50 million years ago

The Daily Mail has carried an article which says that:

Scientists today announced that levels have reached record highs of 410 parts per million which could snowball over the coming years causing global catastrophe.

If the trend continues experts say by 2050 we will have levels of carbon dioxide in the atmosphere that have not been seen for 50 million years.

By 2050? Despite all observed warming being consistently less than IPCC estimates, let us just take this fable for truth, shall we? Let us just ignore how much ice there is still to melt in Greenland and Antarctica, and contemplate what it was like when the earth was much warmer than it is now.
How hot was in back there in the Eocene era? And how much CO2 was in the atmosphere?

The graph above serves as a proxy for what has happened to the earth’s climate, though it measures only polar ocean conditions. It immediately establishes on gigantic fact, that they do not tell you about in newspapers.

The world has been getting colder for about 50 million years.

For the early Eocene there is much discussion on how much carbon dioxide was in the atmosphere.

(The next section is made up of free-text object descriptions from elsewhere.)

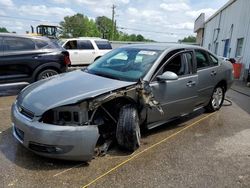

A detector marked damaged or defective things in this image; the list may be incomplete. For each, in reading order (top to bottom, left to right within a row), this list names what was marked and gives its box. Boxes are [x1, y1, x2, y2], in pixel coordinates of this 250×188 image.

bent hood [17, 70, 136, 115]
damaged gray sedan [11, 44, 233, 160]
crumpled front bumper [11, 103, 99, 161]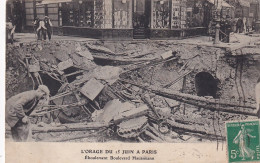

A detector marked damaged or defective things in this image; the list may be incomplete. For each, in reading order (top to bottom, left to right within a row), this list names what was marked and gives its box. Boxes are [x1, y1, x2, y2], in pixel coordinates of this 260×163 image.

damaged street [5, 34, 260, 144]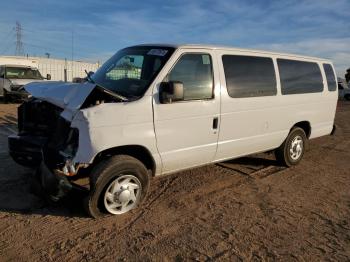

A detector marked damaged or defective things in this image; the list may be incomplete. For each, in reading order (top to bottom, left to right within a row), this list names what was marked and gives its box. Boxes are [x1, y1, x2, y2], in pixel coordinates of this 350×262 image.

crumpled hood [24, 81, 95, 111]
damaged front end [7, 82, 124, 201]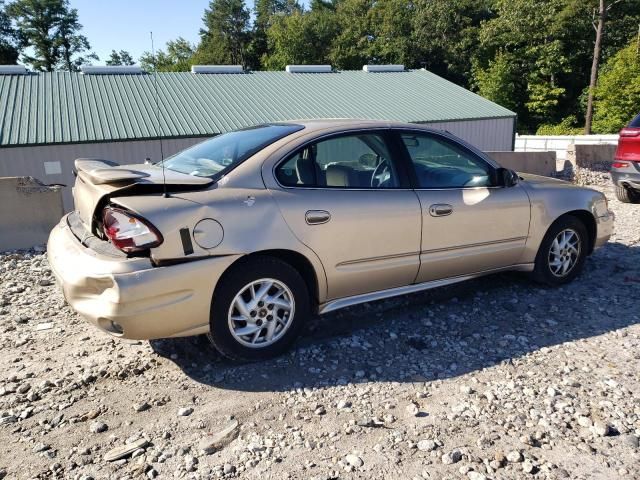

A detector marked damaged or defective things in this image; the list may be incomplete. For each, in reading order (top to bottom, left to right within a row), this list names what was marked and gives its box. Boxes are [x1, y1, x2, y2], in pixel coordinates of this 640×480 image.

damaged rear bumper [46, 214, 239, 342]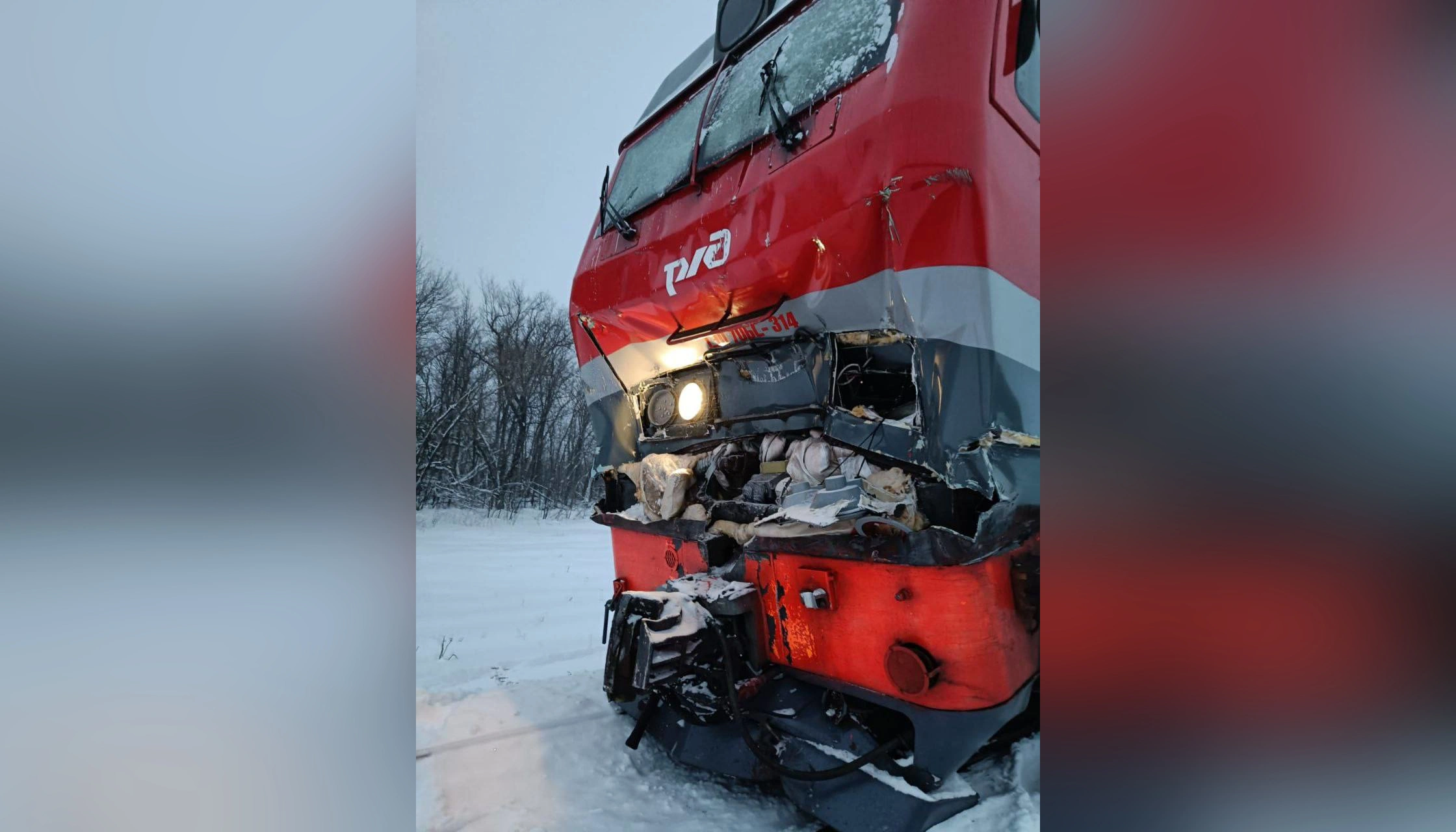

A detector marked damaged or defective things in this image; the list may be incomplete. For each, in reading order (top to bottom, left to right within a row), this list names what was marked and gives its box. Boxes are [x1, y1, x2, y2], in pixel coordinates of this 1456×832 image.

damaged locomotive [565, 1, 1036, 832]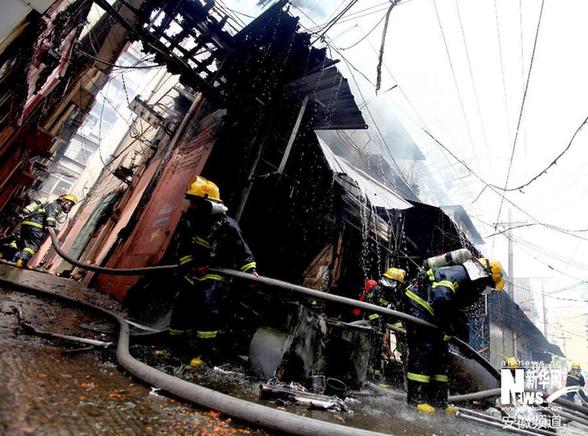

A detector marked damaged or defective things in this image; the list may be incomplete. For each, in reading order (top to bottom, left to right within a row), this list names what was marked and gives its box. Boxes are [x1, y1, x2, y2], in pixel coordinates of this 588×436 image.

rusty metal sheet [96, 110, 225, 300]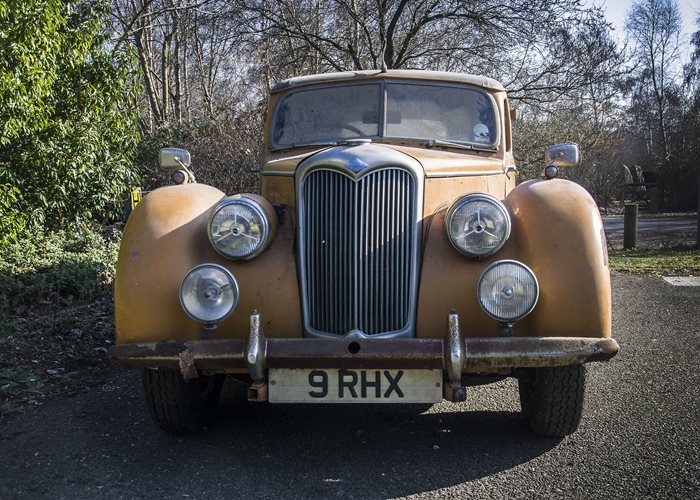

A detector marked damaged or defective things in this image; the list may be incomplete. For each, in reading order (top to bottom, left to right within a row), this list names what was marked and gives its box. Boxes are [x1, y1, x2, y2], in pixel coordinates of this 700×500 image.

rusty car body [108, 69, 616, 434]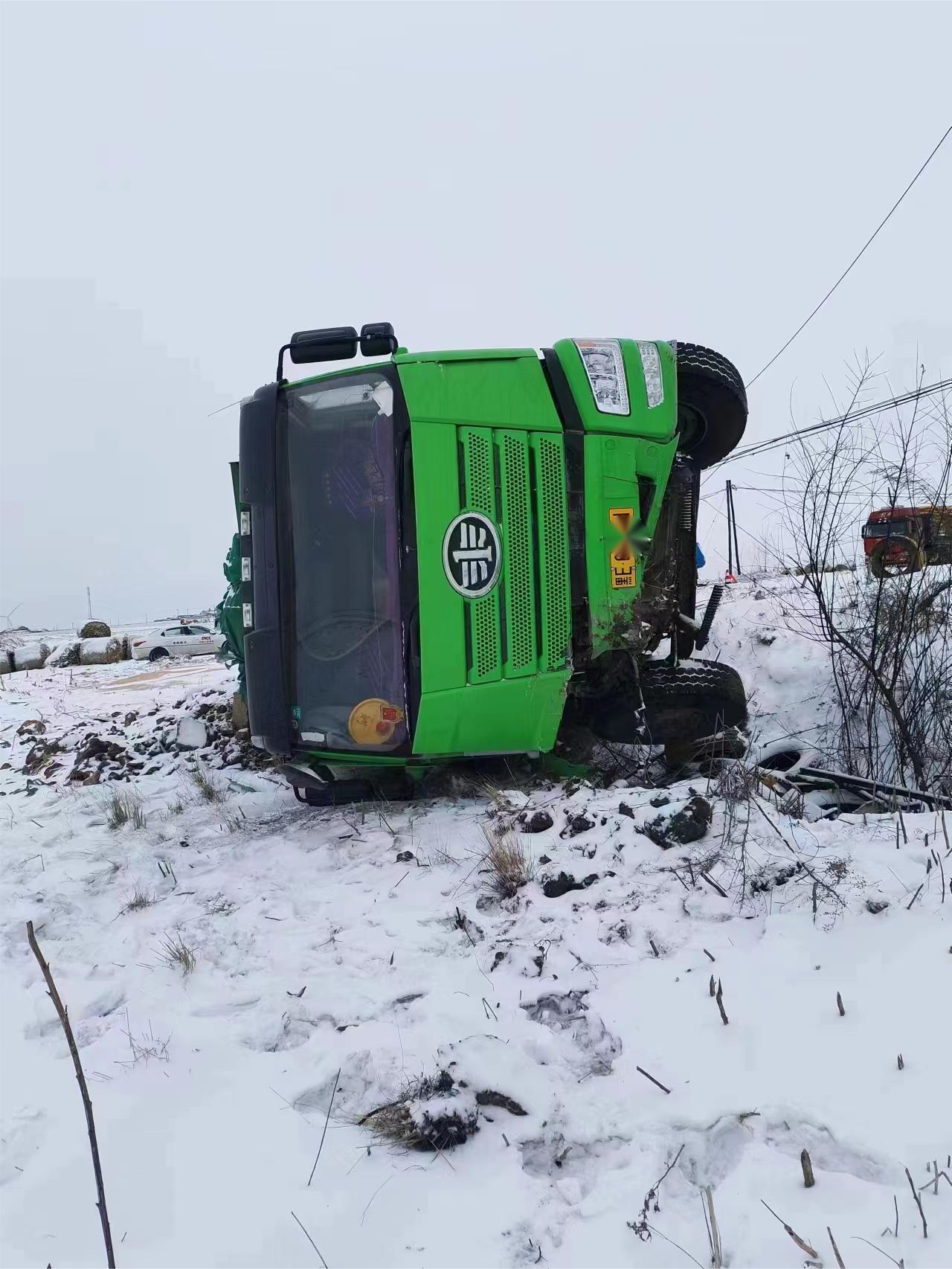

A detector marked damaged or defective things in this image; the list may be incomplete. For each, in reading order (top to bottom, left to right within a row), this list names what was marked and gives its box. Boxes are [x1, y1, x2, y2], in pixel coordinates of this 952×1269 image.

overturned green truck [227, 330, 751, 802]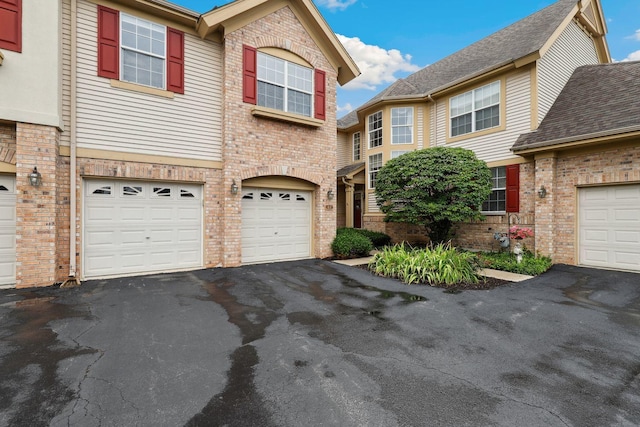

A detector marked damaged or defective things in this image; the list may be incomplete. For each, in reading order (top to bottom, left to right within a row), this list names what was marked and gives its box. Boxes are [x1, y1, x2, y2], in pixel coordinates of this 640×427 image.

cracked asphalt pavement [1, 260, 640, 426]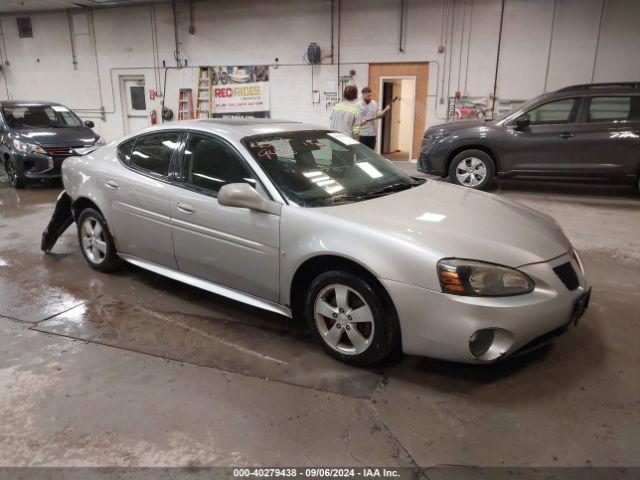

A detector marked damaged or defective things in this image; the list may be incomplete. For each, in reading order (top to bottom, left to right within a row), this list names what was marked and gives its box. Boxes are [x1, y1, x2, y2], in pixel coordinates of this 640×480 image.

damaged front fender [40, 190, 73, 253]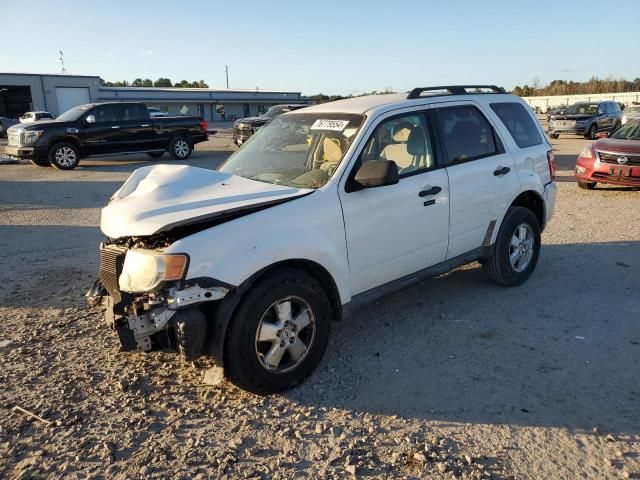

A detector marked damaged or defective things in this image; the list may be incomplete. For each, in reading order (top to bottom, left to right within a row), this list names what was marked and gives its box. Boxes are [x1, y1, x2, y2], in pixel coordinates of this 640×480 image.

crumpled hood [100, 164, 310, 239]
exposed headlight [119, 251, 188, 292]
damaged white suv [89, 86, 556, 394]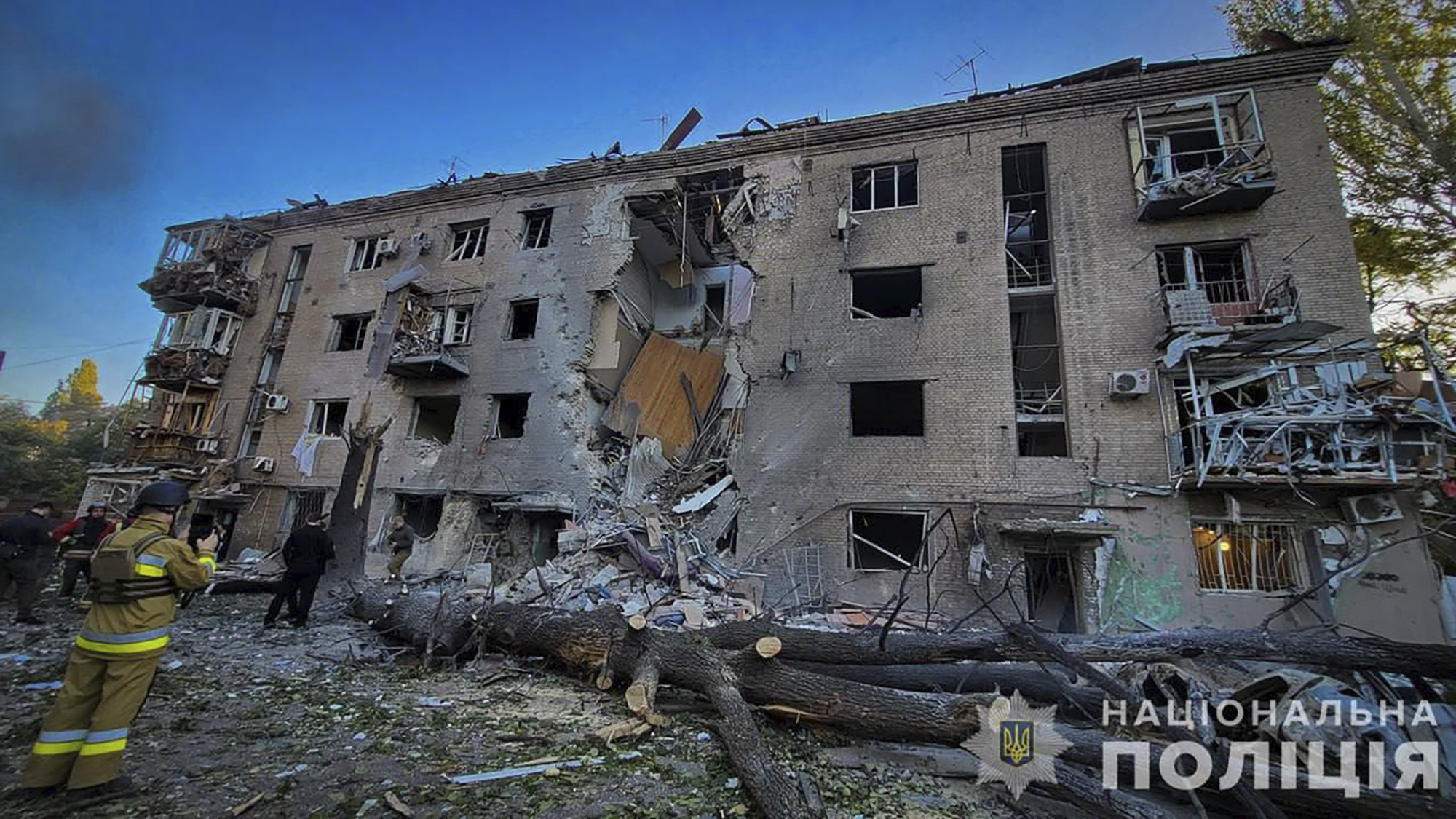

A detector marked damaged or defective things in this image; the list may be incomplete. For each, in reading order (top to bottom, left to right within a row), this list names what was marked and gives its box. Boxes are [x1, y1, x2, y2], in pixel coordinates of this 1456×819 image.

damaged roof [167, 41, 1340, 236]
damaged apartment building [88, 40, 1456, 641]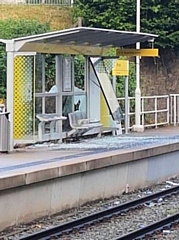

This is due to numerous proxies representing different atmospheric carbon dioxide content. For example, diverse geochemical and paleontological proxies indicate that at the maximum of global warmth the atmospheric carbon dioxide values were at 700 – 900 ppm[7] while other proxies such as pedogenic (soil building) carbonate and marine boron isotopes indicate large changes of carbon dioxide of over 2,000 ppm over periods of time of less than 1 million years.[8] Sources for this large influx of carbon dioxide could be attributed to volcanic out-gassing due to North Atlantic rifting or oxidation of methane stored in large reservoirs deposited from the PETM (Paleocene- Eocene Thermal Maximum) event in the sea floor or wetland environments.[7] For contrast, today the carbon dioxide levels are at 400 ppm or 0.04%.
When was this thermal maximum? According to Wikipedia, 49 million years ago. Close enough to 50 million for the purposes of the discussion.
What were the conditions at this thermal maximum?

The poles were largely or completely ice-free.There was little or no glaciation anywhere.

The middle to late Eocene marks not only the switch from warming to cooling, but also the change in carbon dioxide from increasing to decreasing. At the end of the Eocene Optimum, carbon dioxide began decreasing due to increased siliceous plankton productivity and marine carbon burial.[7] At the beginning of the middle Eocene an event that may have triggered or helped with the draw down of carbon dioxide was the Azolla event at around 49 million years ago.[12] With the equable climate during the early Eocene, warm temperatures in the arctic allowed for the growth of azolla, which is a floating aquatic fern, on the Arctic Ocean. Compared to current carbon dioxide levels, these azolla grew rapidly in the enhanced carbon dioxide levels found in the early Eocene. As these azolla sank into the Arctic Ocean, they became buried and sequestered their carbon into the seabed. This event could have led to a draw down of atmospheric carbon dioxide of up to 470 ppm.[12] Assuming the carbon dioxide concentrations were at 900 ppmv prior to the Azolla Event they would have dropped to 430 ppmv, or 30 ppmv more than they are today, after the Azolla Event
Thus, plant life in polar oceans caused a sequestration of carbon dioxide, thus reducing temperatures.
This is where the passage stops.